Paris 2024: A Mixed Return

Paris 2024 saw a mid-range Iranian performance. Wrestling delivered, as expected. Weightlifting had fewer gold-medal performances than anticipated. Taekwondo’s internal dynamics were complicated by the dual presence of Kimia Alizadeh, now representing Bulgaria, and Nahid Kiani, still representing Iran, in the same weight class and medal rounds. Shooting, archery, and rowing added depth to the delegation without necessarily adding medals.

The 2024 Games reinforced a lesson the federation has been slowly absorbing for a decade: the medal base Iran built on wrestling and weightlifting is narrowing as those sports globalize and other nations invest in them. Iran’s future medal growth, if it is going to happen, will increasingly need to come from taekwondo, athletics, shooting, and the ball sports.

Women, Slowly, at the Games

The first Iranian woman to compete at an Olympic Games was Lida Fariman, a shooter at Atlanta 1996. She was also the Iranian flag bearer at the opening ceremony. For the next decade, Iranian female participation remained modest. The expansion came gradually: rowers, archers, shooters, taekwondo athletes. Kimia Alizadeh’s Rio 2016 bronze was the first medal. Nahid Kiani’s Paris 2024 silver was the first by a female athlete still competing under the Iranian flag.

At the Winter Games, Marjan Kalhor became the first Iranian woman to compete at a Winter Olympics, skiing for Iran at Vancouver 2010. She has since been followed by a small but steady pipeline of winter-sports athletes, particularly in alpine skiing and cross-country.

Los Angeles 2028: What to Watch

Iran’s federations are already deep into qualification cycles for LA 2028. Wrestling and weightlifting remain the medal baseline — expect continuity, with rising stars Amir Hossein Zare, Kamran Ghasempour, and Rahman Amouzad leading a new freestyle generation.

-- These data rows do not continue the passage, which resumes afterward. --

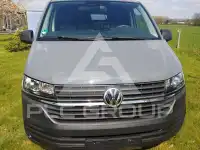 2021 Volkswagen T6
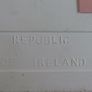 Carrigaline Tourist Tile 1960's Image 8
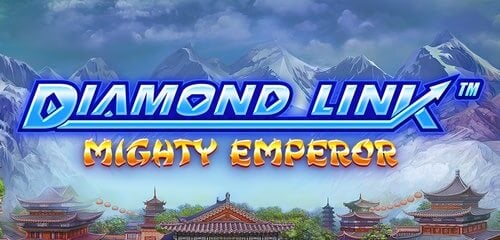 Diamond Link : Mighty Emperor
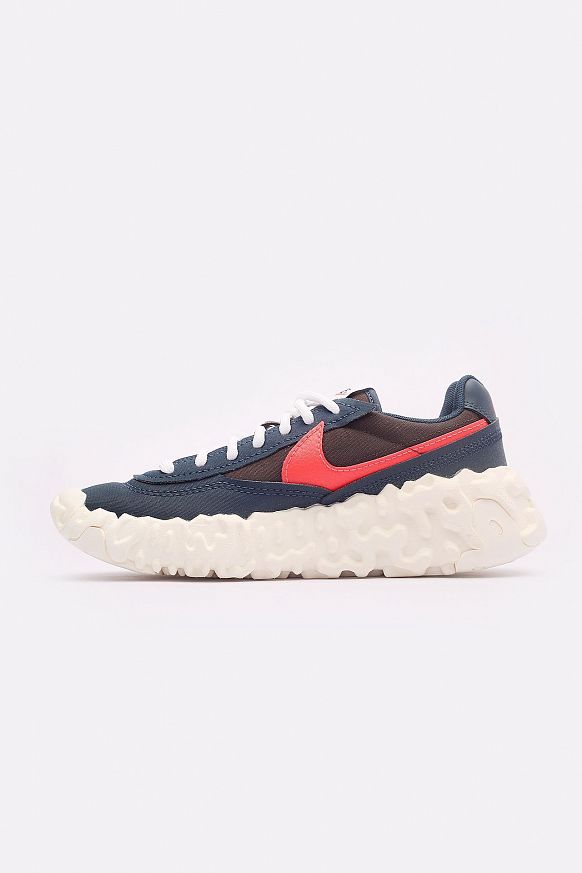 Мужские кроссовки Nike Overbreak (DC8240-400) - фото 4 картинки
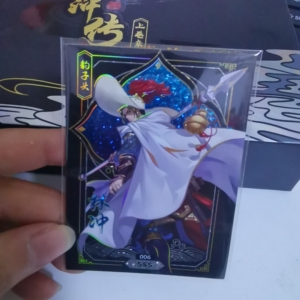 000人付款淘宝柳如是粗闪八元燎原卡牌纵横林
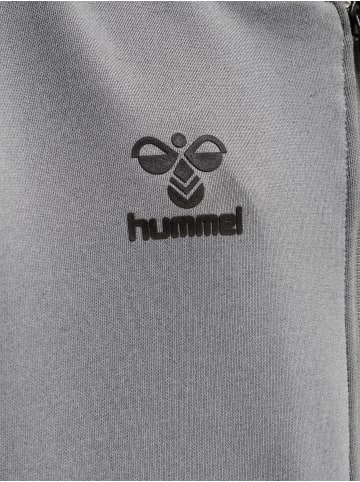 Hummel Hummel Reißverschluss Jacke Hmlcore Kinder in GREY MELANGE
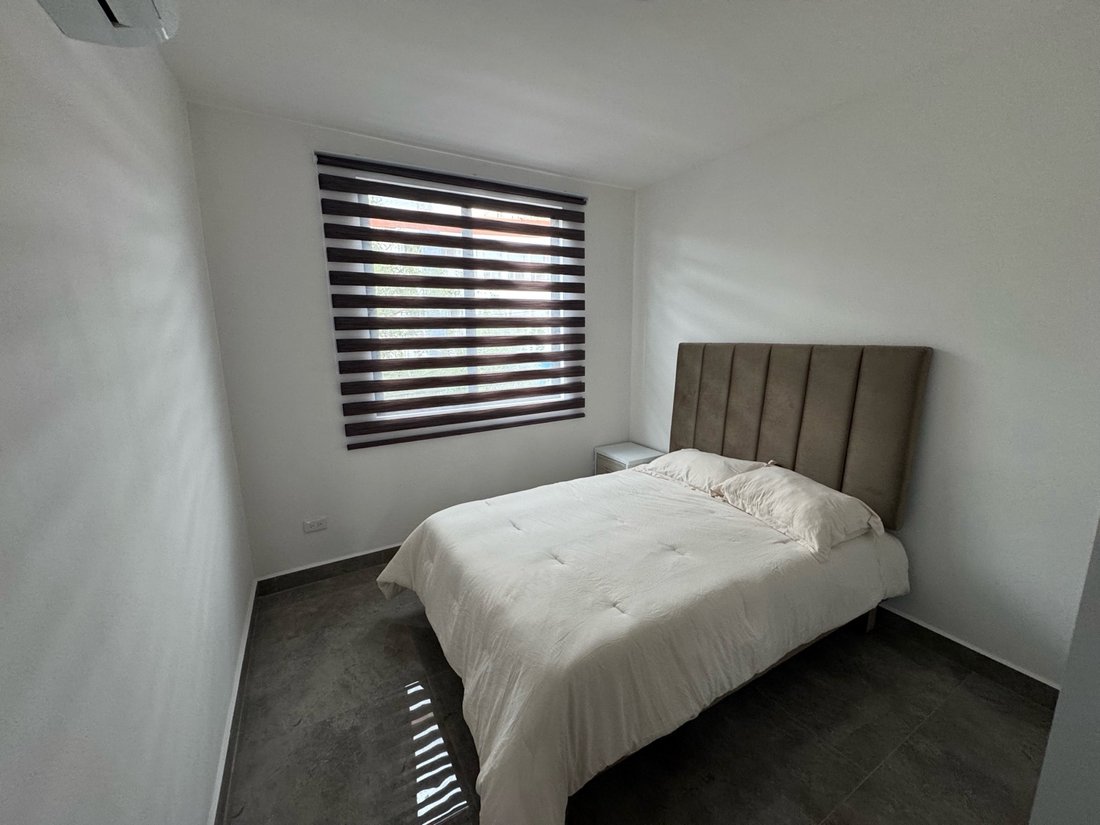 Apartment in Monterrey, Nuevo Leon, Mexico 3 - 18337029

Taekwondo is a genuine medal hope, led by Kiani and a deep women’s bench. Volleyball, under Roberto Piazza, is trying to engineer a return to the Olympic field after missing Tokyo 2020 and Paris 2024. Basketball is chasing its third Olympic berth through the 2027 FIBA World Cup qualifiers. Athletics will lean on a handful of continental champions, including Hassan Taftian at age 35 — an unlikely but still plausible fourth Olympic sprinter.

The federation’s internal targets, per sources quoted in Tehran Times this spring, are in the range of five to eight medals, with at least two gold. That would match a typical modern Iranian Games.

The Longer Arc

One fencer in 1900. A single bronze in 1948. A gold in 1956. An Olympic-record super-heavyweight in 2000. A first female medalist in 2016. A Winter Olympian in 2010. A volleyball team in the qualification brackets in 2026.

These are the landmarks of a small, persistent Olympic country. Iran’s story is not the story of the United States or China, nations that have built industrial-scale sporting machinery. It is something quieter and, in its own way, more interesting — a story of how a handful of sports, dominated by a handful of generational athletes, became a national self-image, and how that self-image now has to adapt to a wider, more competitive world.

The black-and-white photograph of Freydoun Malkom hangs, in a reproduction, on the wall of the National Olympic Committee in Tehran. He looks out past the camera the way he might have once looked past an opponent’s blade. One hundred and twenty-five years later, the country he represented is still at the Games.

Winter Sports: A Parallel Track

The summer story receives the majority of Iranian Olympic coverage, but the winter programme has its own continuous history. Iran has competed at most Winter Olympics since Sapporo 1972, typically sending small delegations in alpine skiing, cross-country skiing, and occasional entries in other disciplines. The country has never won a Winter Olympic medal. The delegations have usually numbered between two and five athletes.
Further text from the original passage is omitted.